Given records:
*** Block opens ***

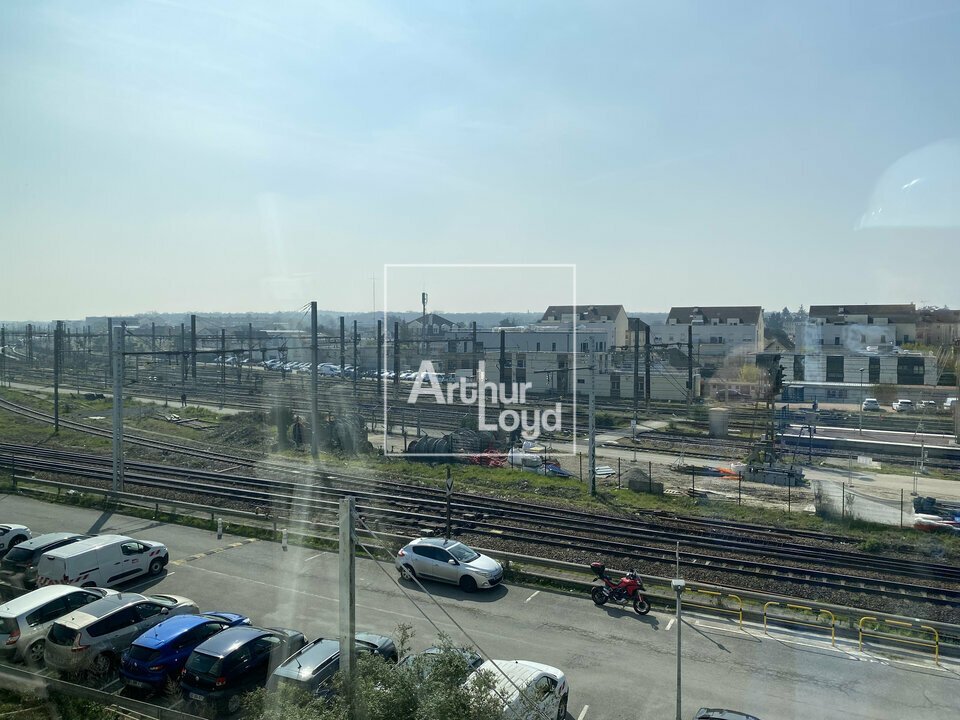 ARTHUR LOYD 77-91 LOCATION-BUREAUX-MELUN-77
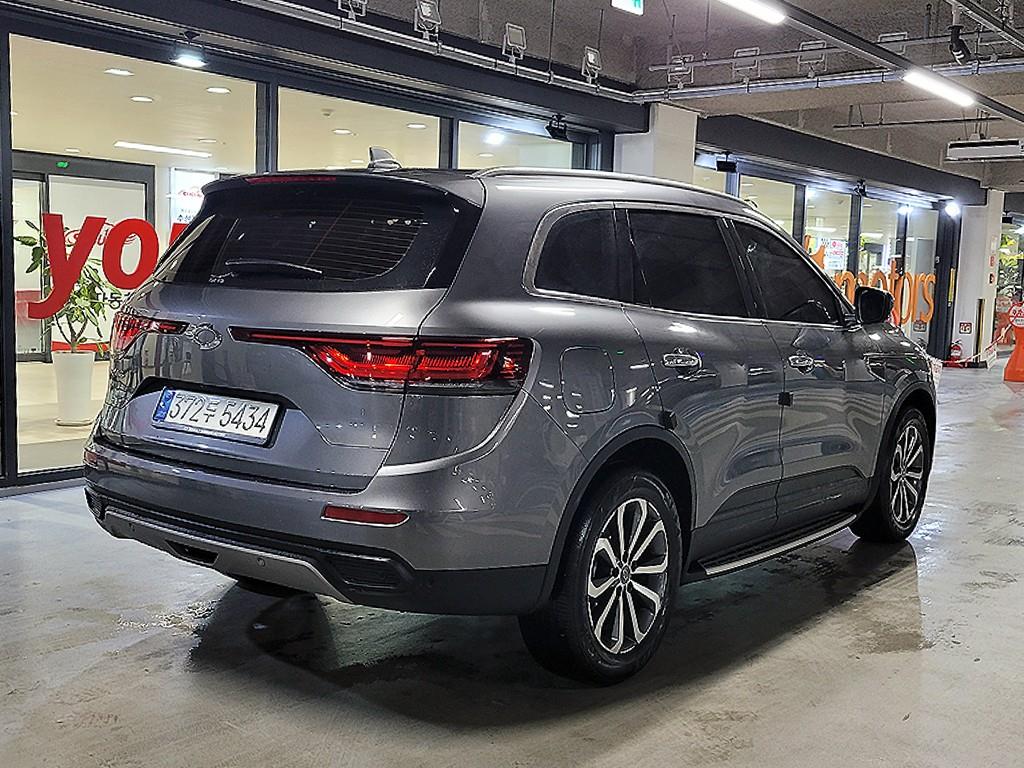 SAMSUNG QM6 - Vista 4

*** Block closes ***
*** Block opens ***

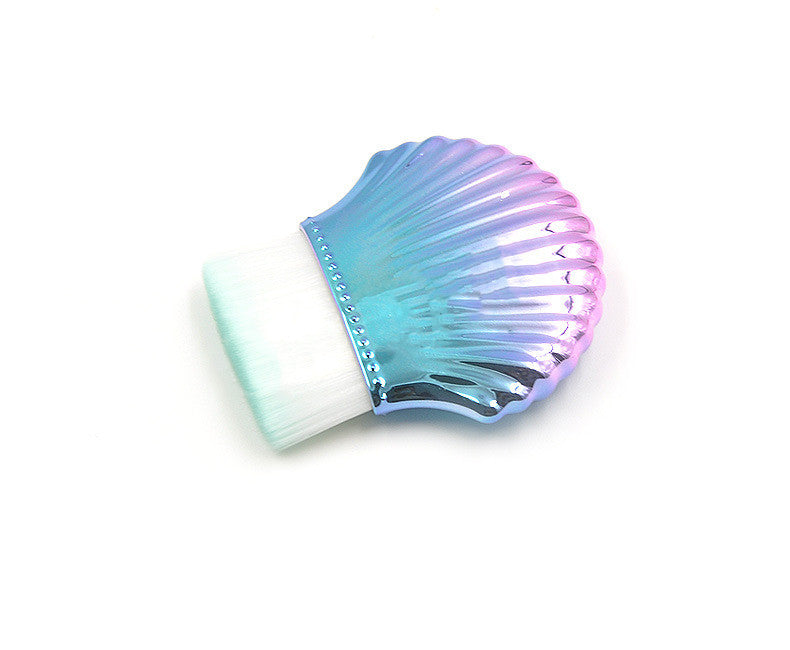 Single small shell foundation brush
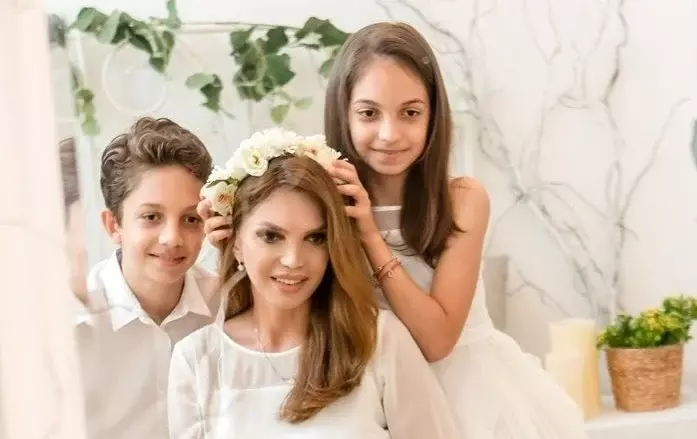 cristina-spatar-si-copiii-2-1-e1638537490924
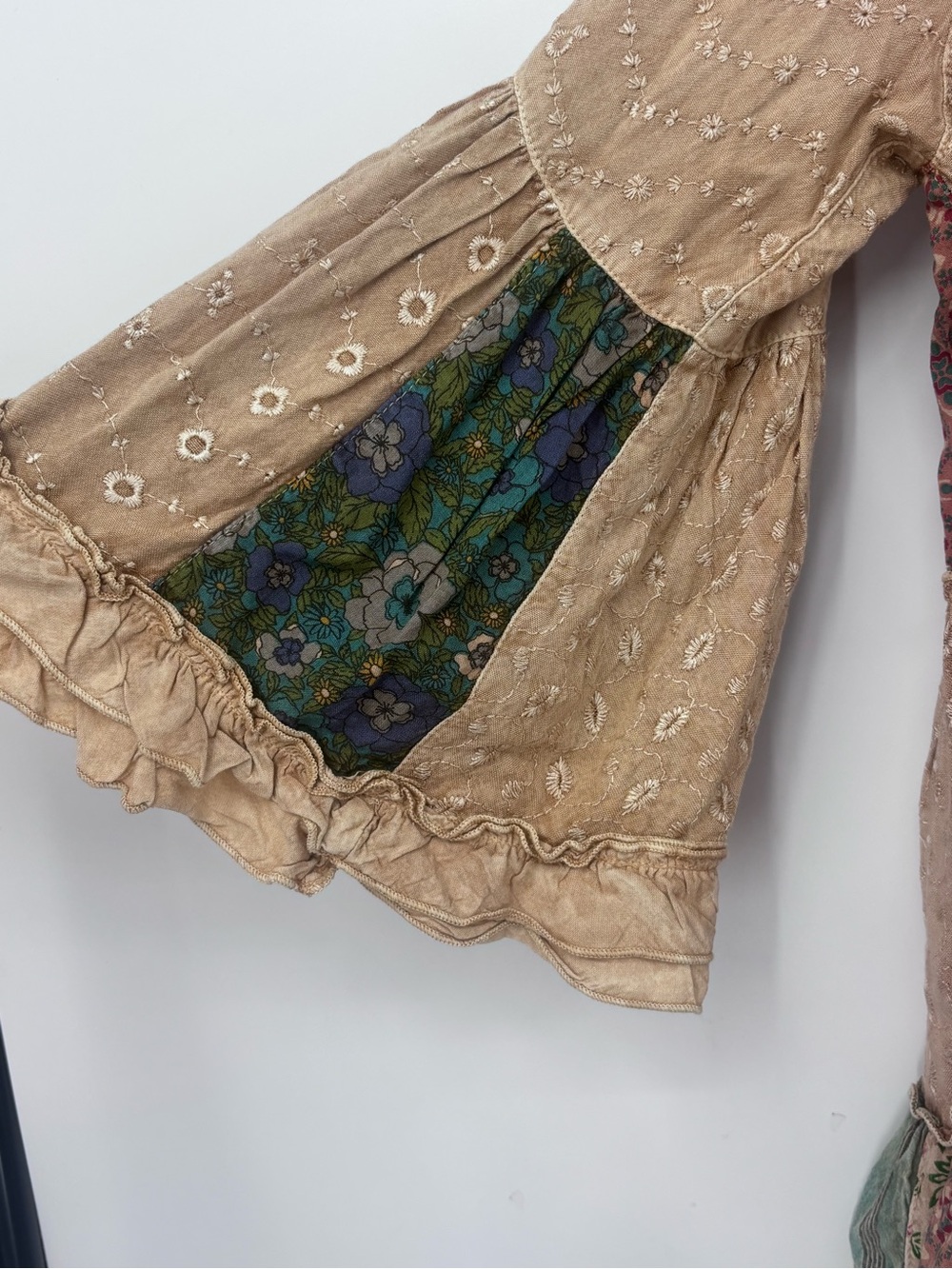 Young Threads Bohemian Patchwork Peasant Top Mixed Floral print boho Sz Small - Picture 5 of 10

*** Block closes ***

Directions for this task:
Among the entries above, take the line with "ARTHUR LOYD 77-91 LOCATION-BUREAUX-MELUN-77", the line with "SAMSUNG QM6 - Vista 4", and all the lines between them, and restate them word for word without pictures.

Task answer:
 ARTHUR LOYD 77-91 LOCATION-BUREAUX-MELUN-77
 SAMSUNG QM6 - Vista 4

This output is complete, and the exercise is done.